Alex L. Zhang | Recursive Language Models

Key Takeaways
- Introduction of Recursive Language Models (RLMs) as an inference strategy for handling unbounded context/output lengths.
- RLMs mitigate 'context rot' by allowing LLMs to recursively interact with their context stored in an environment (e.g., a Python REPL).
- An RLM using GPT-5-mini significantly outperformed standard GPT-5 on the OOLONG long-context benchmark while being cheaper per query.
- RLMs surpassed other methods like ReAct + indexing on a new Deep Research task and maintained performance with over 10M tokens.
- The authors predict RLMs will be the next significant milestone in general-purpose inference scaling after Chain-of-Thought and ReAct models.

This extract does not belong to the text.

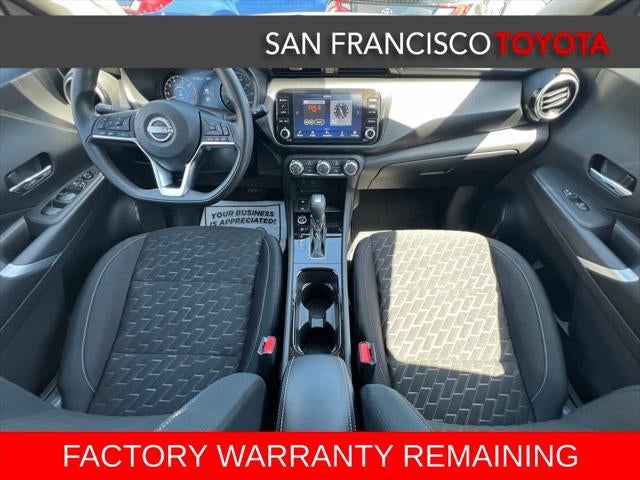 2023 Nissan Kicks SV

The research introduces Recursive Language Models (RLMs), a novel inference strategy designed to enable language models to process essentially unbounded input and output context lengths while actively mitigating 'context rot,' the phenomenon where recall degrades as context grows. RLMs function as a thin wrapper around an LLM, allowing it to spawn recursive calls for intermediate computation, effectively treating the user's prompt context as a variable stored in an environment like a Python REPL. A specific implementation using GPT-5-mini demonstrated superior results, achieving more than double the correct answers compared to GPT-5 on the difficult OOLONG long-context benchmark, all while being more cost-effective per query. The RLMs also outperformed other advanced techniques, such as ReAct plus test-time indexing, on a newly constructed Deep Research task derived from BrowseComp-Plus. Crucially, the models showed no performance degradation even when tested with inference times involving 10 million or more tokens. The authors suggest that RLMs, especially those explicitly trained for recursive reasoning, are poised to become the next major paradigm shift in general-purpose inference scaling, following CoT and ReAct models.